Lovely! Thanks so much. Never had a hand drawn picture of one of my peta before. Lol.


----------



## betta lover1507 (Aug 6, 2011)

sadly i lost my ol'great pencil D: so i'll have to use pen for Goldibug's


----------



## Goldibug (Jun 29, 2012)

That is completely alright  I love your work and am excited to see how it turns out regardless of what materials you use. Have you started it yet? If not I finally got this pic of Neptune that I like even more. If you have already started then don't worry about it because I still like the first pic I gave you


----------



## betta lover1507 (Aug 6, 2011)

I'll start on that one  the other one got messy ^^"


----------



## Goldibug (Jun 29, 2012)

Sorry to hear the first one didn't work out.

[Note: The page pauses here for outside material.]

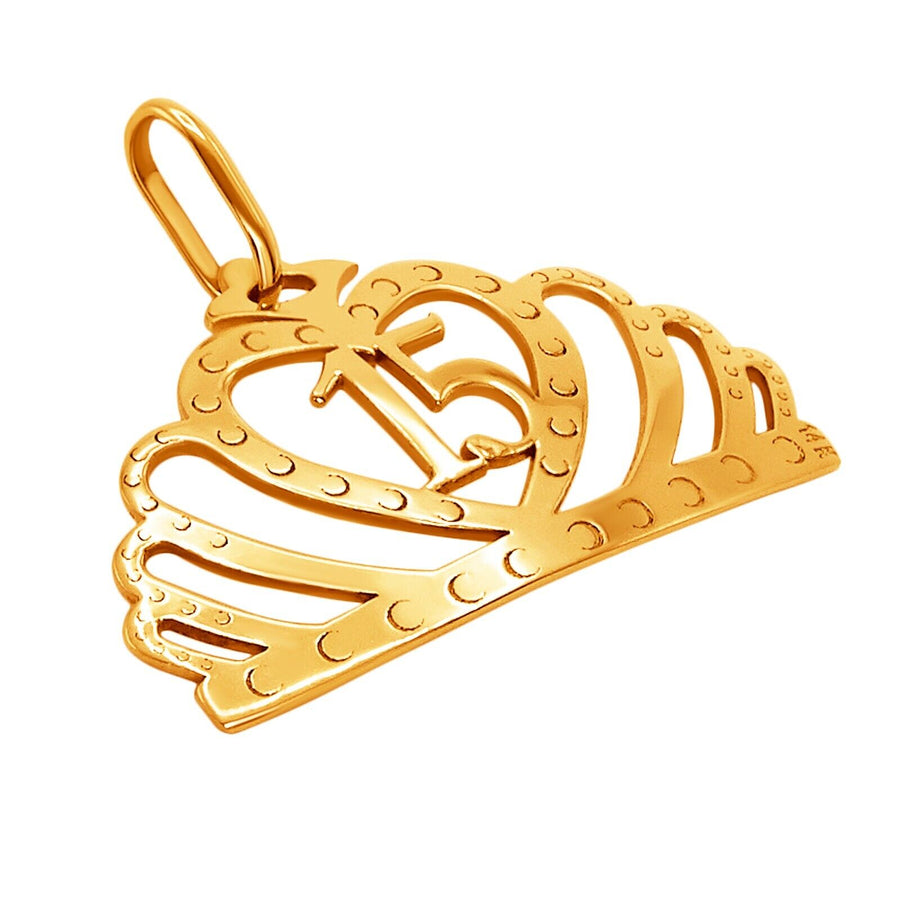 14k Pure Solid Yellow Gold Crown Pretty Heart Quinceanera Delicate Charm Pendant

Thanks for doing the newer pic though


----------



## betta lover1507 (Aug 6, 2011)

Your welcome


----------



## betta lover1507 (Aug 6, 2011)

Finished Neptune:


----------



## Goldibug (Jun 29, 2012)

Thank you! You did a great job! I love it and know my son will be excited to have a special picture of his fish on his wall


----------



## betta lover1507 (Aug 6, 2011)

hehe your welcome


----------



## Shayebri (Jul 14, 2012)

Aww no more.


----------



## betta lover1507 (Aug 6, 2011)

Sorry Shayebri  whenever i'll start to do free commisions, i'll try to remember to let you know


----------



## Shayebri (Jul 14, 2012)

YAY!!!! xD


----------



## betta lover1507 (Aug 6, 2011)

i won't do any like this week cause am busy :I gotta do some other stuff


----------